The messages I get from the automated “score analysis” that comes with my scores says that main factors for my score are #1 the bankruptcy, which I can do nothing about until it scrolls off in 2020, #2 insufficient credit lines available, #3 too few accounts reporting as paid on time (I only have the auto loan and 3 credit cards, all of which are paid on time but apparently 4 isn’t enough), and #4 length of credit history from open accounts is too short
Of course if I open more accounts, I would take a short term hit from the inquiry and recently opened account. But I’m now qualifying for $3000+ credit lines, so 1 or 2 more accounts could double my available credit lines. It would also give me more accounts reporting paid on time.
So would the larger available credit and more on time accounts outweigh the inquiries and newly opened accounts to have a positive overall effect on my credit by June 2015?
Alternatively, what about self lending at a site such as selflender.com? Would I be better off to write myself a $10K note on Self Lender and pay it off between now and next May?
Which path would have the overall biggest impact on my credit score?
I would also like to close the first credit card I opened, because it has the worst terms ($100 annual fee, $600 credit line) but I hesitate to close it because I am benefiting from the on time payment reports and the fact that it is the oldest one that I currently hold.
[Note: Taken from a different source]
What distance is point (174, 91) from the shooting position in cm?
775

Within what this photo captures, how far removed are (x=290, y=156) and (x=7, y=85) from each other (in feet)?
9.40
Should I wait one more year to cancel it, or cancel it now?
Thanks!
Josh”
Dear Josh,
I think you might be missing the mark with your current strategy. You mentioned you are using your current credit cards but paying the small charge off immediately. That is almost certainly resulting in the cards reporting a zero balance each month since the balance reported is not the balance charged but the balance on the date they dump the data to the credit bureaus. The better strategy would be to wait and pay the balance off after you get the statement but before the due date.
To generate some value for you, typically the cards need to show some credit bureau action, rather than you are just holding them.
As you get more into the credit game, the bankruptcy actually carries less and less weight. Time and new credit make the past bankruptcy mostly irrelevant.
As you seem to be aware, the length accounts are opened is important is rebuilding your credit. While you have a stinker of an original account, it might be better to not open a new one right now and wait before you close it till your credit score gets to where you want it and then wait till after you get the car.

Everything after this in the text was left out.